[[ The data, beginning ]]
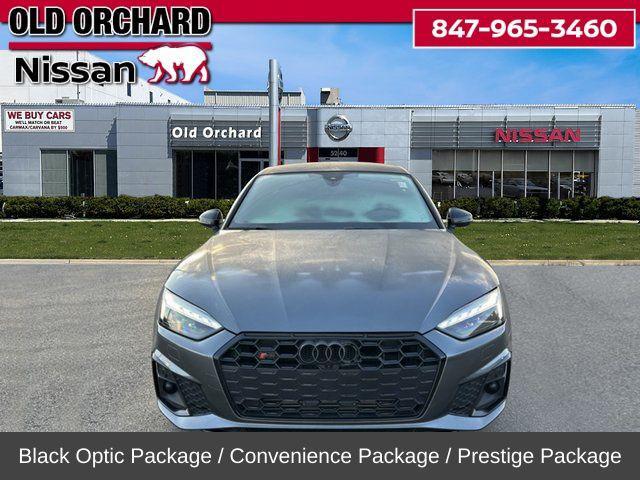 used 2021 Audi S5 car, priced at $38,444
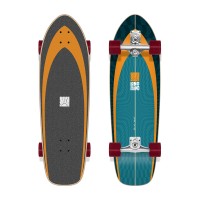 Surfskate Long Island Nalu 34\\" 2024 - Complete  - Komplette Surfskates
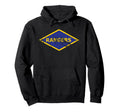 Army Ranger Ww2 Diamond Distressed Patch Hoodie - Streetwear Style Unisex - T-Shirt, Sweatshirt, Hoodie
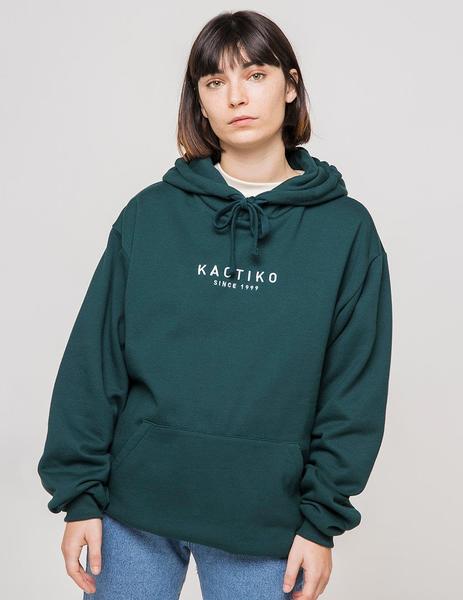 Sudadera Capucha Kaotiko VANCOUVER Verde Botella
[[ The data, end ]]
[[ The data, beginning ]]
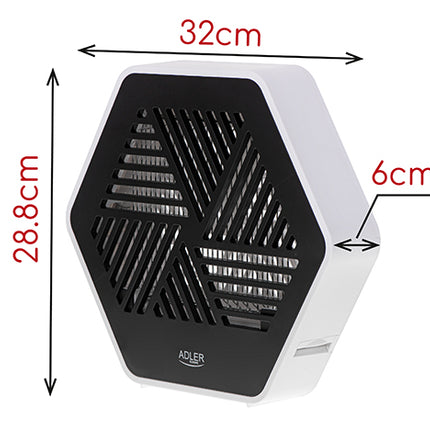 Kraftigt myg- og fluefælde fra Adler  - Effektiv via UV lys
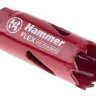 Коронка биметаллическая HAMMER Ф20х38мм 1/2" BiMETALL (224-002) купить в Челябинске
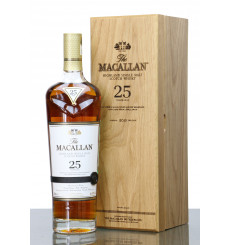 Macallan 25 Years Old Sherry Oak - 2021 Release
[[ The data, end ]]
Work required: Lines wanted from the entries above: the one with "used 2021 Audi S5 car, priced at $38,444", the one with "Sudadera Capucha Kaotiko", and all lines between. Please copy them exactly, without the pictures and without anything else.

Answer section:
 used 2021 Audi S5 car, priced at $38,444
 Surfskate Long Island Nalu 34\\" 2024 - Complete  - Komplette Surfskates
 Army Ranger Ww2 Diamond Distressed Patch Hoodie - Streetwear Style Unisex - T-Shirt, Sweatshirt, Hoodie
 Sudadera Capucha Kaotiko VANCOUVER Verde Botella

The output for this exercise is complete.